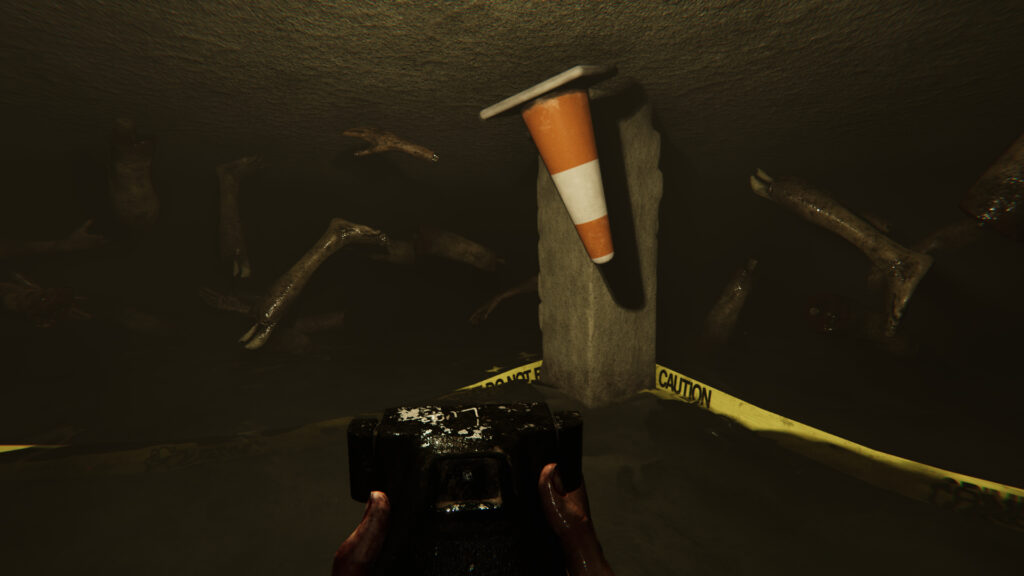 An underground room filled with severed legs and a traffic cone, as your character's hands hold a camera.
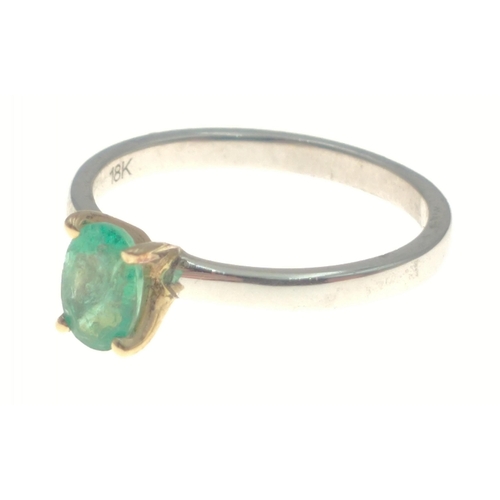13 - A 925 shank ring with 18K gold claws holding a solitaire green stone, size K, gross weight 1.6g appr... 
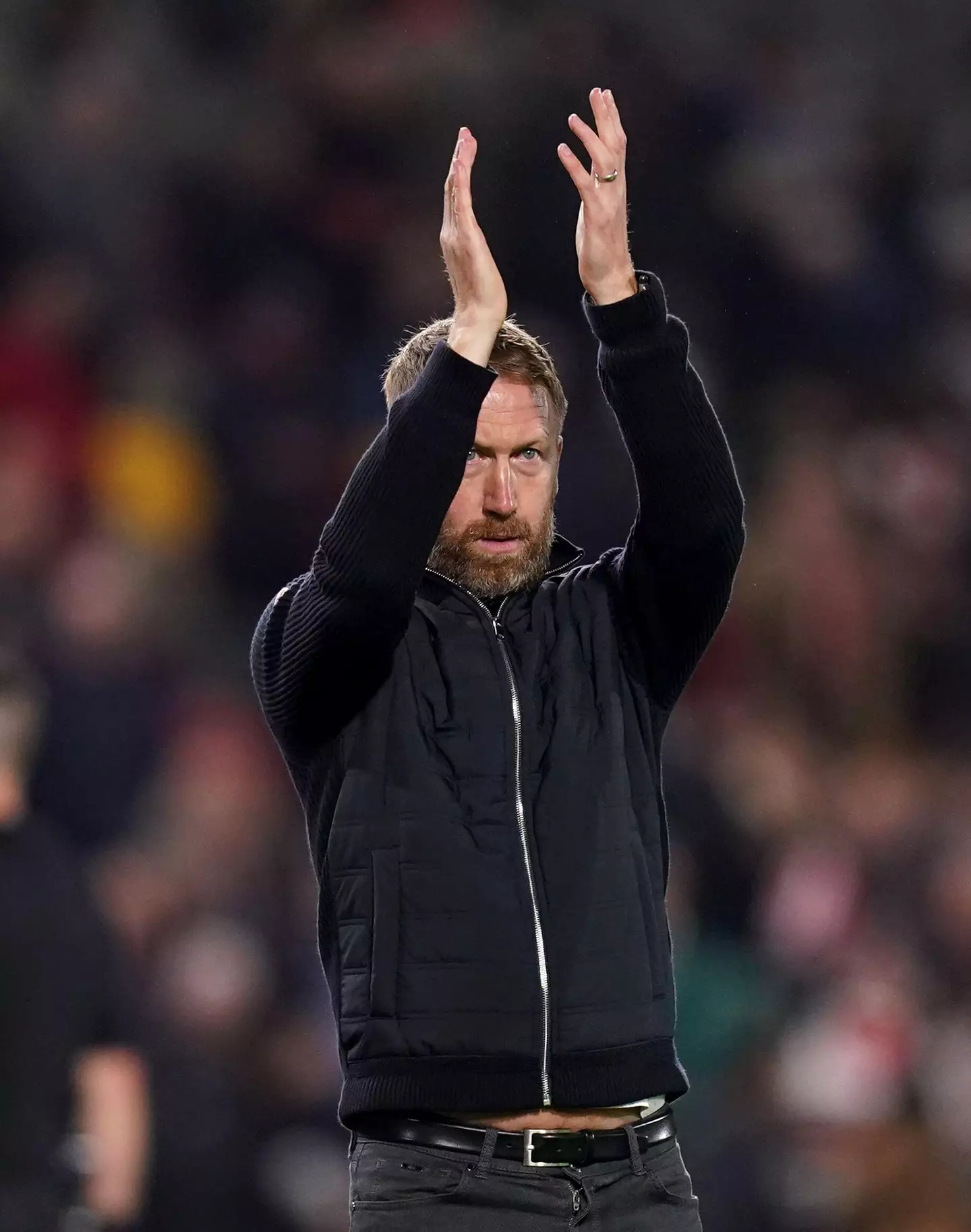 Chelsea manager Graham Potter applauds the fans after the Premier League match at the Gtech Community Stadium. (Alamy)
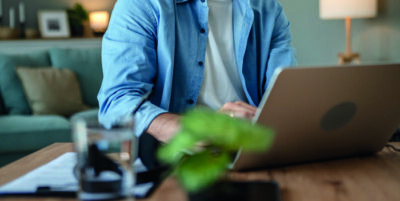 Mann sitzt am Esstisch zuhause und arbeitet am Laptop.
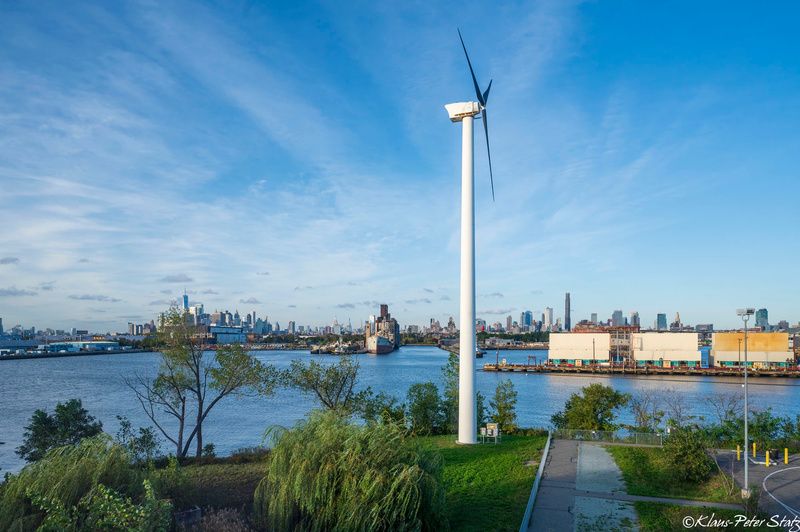 Wind turbine in sunset park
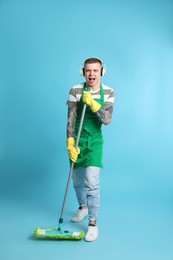 Handsome young man with headphones and mop singing on light blue background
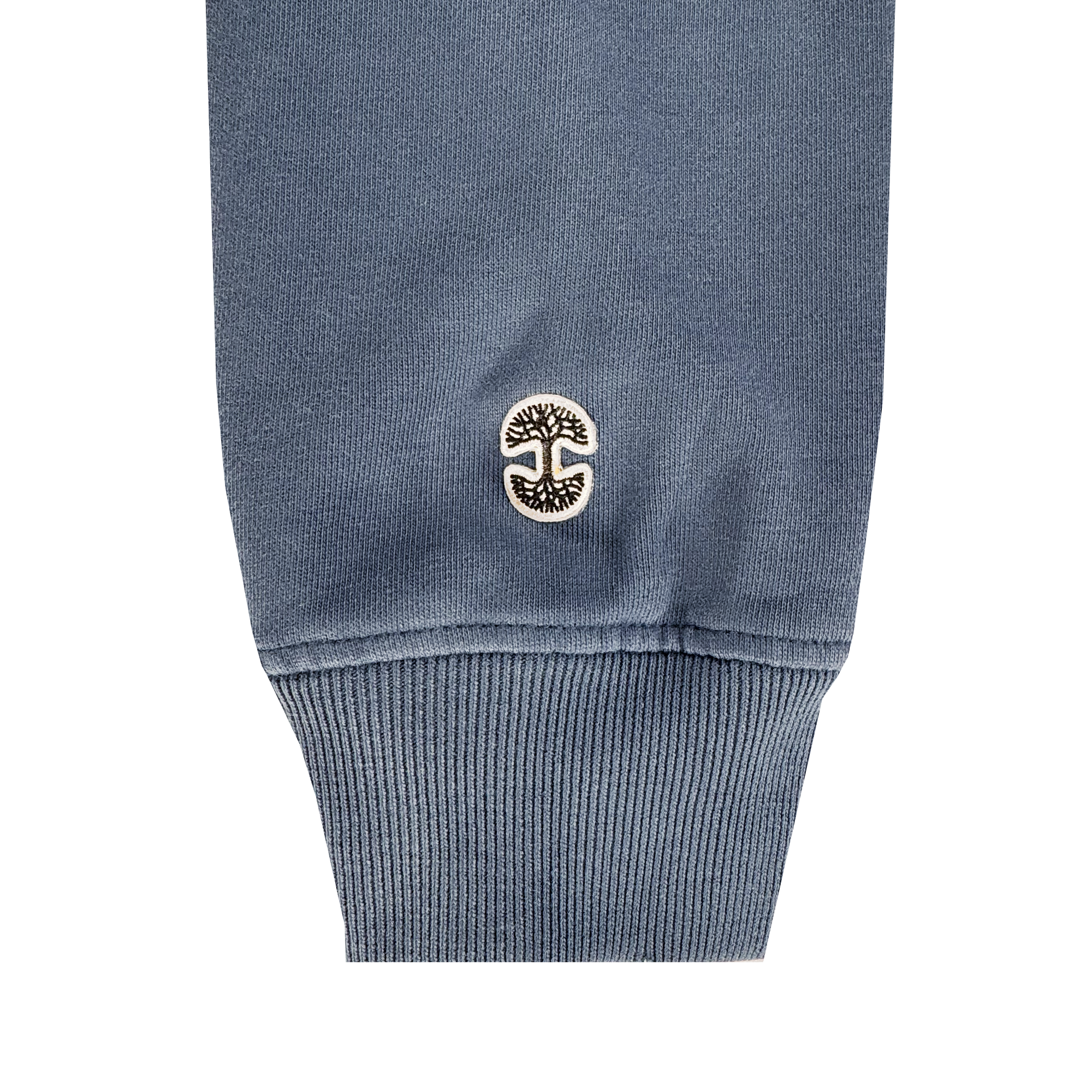 A close-up of the Oaklandish Homage Hoodie’s blue ribbed cuff, made from 100% cotton, shows a small embroidered black and white circular patch with a stylized tree logo near the hem.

※

**What you should do:** Every line from the one that holds "13 - A 925 shank" to the last line of the records above goes into the answer, exactly as written; nothing else does, and no picture does either.

**Problem solution:**
13 - A 925 shank ring with 18K gold claws holding a solitaire green stone, size K, gross weight 1.6g appr... 
 Chelsea manager Graham Potter applauds the fans after the Premier League match at the Gtech Community Stadium. (Alamy)
 Mann sitzt am Esstisch zuhause und arbeitet am Laptop.
 Wind turbine in sunset park
 Handsome young man with headphones and mop singing on light blue background
 A close-up of the Oaklandish Homage Hoodie’s blue ribbed cuff, made from 100% cotton, shows a small embroidered black and white circular patch with a stylized tree logo near the hem.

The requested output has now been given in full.